Il y avait au Japon, un jardinier amoureux. Sa belle était coquette, elle avait de nombreux soupirants et il redoutait de la perdre. Souvent dans le jardin, tout en soignant ses fleurs, il interrogeait le ciel :
- Combien de temps ma bien-aimée me sera-t-elle fidèle ?
- Pourrais-je la garder toujours ?
Bien sûr, le ciel ne lui répondait pas et quand il voyait sa fiancée si belle souriant à tous ceux qui la courtisaient son pauvre cœur était malade. Comment lui, modeste homme de la terre pouvait-il espérer garder pour lui seul cette fleur ravissante dont la vue charmait les princes. La jeune fille entourée de ses admirateurs ne semblait pourtant voir que lui ; pour lui ses yeux étaient plus doux, son sourire plus tendre, pour lui elle chantait ses plus belles chansons.
- Oui, mais pour combien de temps se demandait le jardinier ? Elle est si belle, je suis si pauvre, si modeste. Un jour c’est certain, un de ces princes va me la prendre. »
Pour l’instant la belle lui gardait sa préférence.
- Combien de temps ? Combien de temps ? demandait-il aux fleurs.
- Combien de temps, demandait-il aux arbres ?
- Combien de temps, Rosée du matin ?
- Combien de temps, Ombres du soir ?
Ni l’herbe ni les fleurs, ni les arbres, ni les escargots, ni les coccinelles, ni les vers de terre, ni les légumes, ni les hérissons, jamais aucun des hôtes du jardin ne lui répondait.
Un jour qu’avec angoisse il interrogeait des marguerites, une larme tomba sur une des fleurs et un génie sortit d’une corolle, tout habillé de jaune avec un large col blanc.
- Pourquoi ces larmes gentil jardinier ? Qui d’entre nous t’a fait du chagrin ?

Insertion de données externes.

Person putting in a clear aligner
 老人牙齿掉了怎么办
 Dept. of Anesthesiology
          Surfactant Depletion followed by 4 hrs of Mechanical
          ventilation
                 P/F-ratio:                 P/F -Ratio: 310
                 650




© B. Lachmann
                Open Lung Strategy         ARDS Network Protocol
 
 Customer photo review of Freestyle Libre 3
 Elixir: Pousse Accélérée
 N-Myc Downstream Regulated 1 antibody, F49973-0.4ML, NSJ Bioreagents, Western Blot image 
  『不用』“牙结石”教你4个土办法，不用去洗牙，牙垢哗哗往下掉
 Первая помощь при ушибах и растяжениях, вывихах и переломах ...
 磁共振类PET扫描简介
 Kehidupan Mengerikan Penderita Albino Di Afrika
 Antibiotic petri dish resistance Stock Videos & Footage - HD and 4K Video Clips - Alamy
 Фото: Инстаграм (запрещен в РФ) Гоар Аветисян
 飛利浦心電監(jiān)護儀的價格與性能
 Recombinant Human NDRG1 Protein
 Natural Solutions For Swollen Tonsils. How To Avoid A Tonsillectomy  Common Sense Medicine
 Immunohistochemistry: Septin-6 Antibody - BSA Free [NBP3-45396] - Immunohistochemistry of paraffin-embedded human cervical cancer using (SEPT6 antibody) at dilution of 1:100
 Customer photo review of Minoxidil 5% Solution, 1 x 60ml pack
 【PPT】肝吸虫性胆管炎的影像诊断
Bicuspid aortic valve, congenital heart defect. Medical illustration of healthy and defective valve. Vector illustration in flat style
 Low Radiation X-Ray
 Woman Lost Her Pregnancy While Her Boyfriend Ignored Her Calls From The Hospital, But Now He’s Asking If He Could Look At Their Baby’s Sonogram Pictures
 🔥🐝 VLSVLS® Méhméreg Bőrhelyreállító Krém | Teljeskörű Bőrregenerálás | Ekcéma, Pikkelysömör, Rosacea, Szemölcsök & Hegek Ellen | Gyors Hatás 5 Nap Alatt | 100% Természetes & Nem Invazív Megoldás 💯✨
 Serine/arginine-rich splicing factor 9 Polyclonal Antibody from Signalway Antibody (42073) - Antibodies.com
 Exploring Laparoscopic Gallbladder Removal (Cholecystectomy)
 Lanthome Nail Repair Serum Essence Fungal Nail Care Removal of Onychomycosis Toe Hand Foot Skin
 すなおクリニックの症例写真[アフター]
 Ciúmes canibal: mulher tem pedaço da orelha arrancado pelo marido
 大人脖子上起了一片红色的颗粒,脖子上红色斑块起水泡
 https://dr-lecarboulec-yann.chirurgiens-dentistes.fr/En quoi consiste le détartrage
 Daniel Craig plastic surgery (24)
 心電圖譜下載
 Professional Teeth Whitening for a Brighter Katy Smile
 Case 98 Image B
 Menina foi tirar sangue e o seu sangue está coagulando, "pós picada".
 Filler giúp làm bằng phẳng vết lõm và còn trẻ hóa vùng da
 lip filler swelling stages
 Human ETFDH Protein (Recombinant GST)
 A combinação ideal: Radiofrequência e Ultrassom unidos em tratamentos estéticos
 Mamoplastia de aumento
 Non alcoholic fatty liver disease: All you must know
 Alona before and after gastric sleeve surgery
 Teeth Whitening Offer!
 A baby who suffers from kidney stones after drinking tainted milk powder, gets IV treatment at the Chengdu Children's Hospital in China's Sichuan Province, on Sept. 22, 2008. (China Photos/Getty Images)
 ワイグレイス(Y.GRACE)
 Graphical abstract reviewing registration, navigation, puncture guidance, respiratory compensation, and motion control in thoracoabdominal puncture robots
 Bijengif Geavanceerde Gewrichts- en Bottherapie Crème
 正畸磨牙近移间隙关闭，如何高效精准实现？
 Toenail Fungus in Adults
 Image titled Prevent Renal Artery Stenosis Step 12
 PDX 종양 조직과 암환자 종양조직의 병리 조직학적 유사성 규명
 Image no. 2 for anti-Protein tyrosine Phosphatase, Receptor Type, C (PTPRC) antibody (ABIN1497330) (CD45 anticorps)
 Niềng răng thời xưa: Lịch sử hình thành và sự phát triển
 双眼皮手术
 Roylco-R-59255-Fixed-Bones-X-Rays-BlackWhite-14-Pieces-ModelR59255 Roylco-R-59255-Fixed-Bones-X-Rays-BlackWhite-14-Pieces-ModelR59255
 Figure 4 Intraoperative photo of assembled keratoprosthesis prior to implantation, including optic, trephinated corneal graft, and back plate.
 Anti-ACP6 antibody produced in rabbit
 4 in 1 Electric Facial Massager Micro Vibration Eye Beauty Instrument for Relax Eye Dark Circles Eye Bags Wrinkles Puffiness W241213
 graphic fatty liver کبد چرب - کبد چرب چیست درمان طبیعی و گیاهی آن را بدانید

- Personne, jamais personne dans ce jardin ne m’a fait de peine ; c’est vous au contraire qui me consolez.
- Pourquoi, gentil jardinier, as-tu besoin d’être consolé ?
- C’est ma fiancée, Génie des Marguerites ; elle est si belle et moi je suis si pauvre ! Un pauvre petit rien du tout et je voudrais tant qu’elle m’aime toujours !
- Toujours, je ne sais pas, dit le génie en montrant une fleur. Mais je te promets l’amour de ta fiancée pour autant d’années que cette corolle a de pétales. »
Le jardinier cueillit la fleur, compta les pétales, hocha la tête. Alors il prit à son revers une longue épingle et effilocha la corolle. Elle eut bientôt tant de pétales qu’il devint impossible de les compter.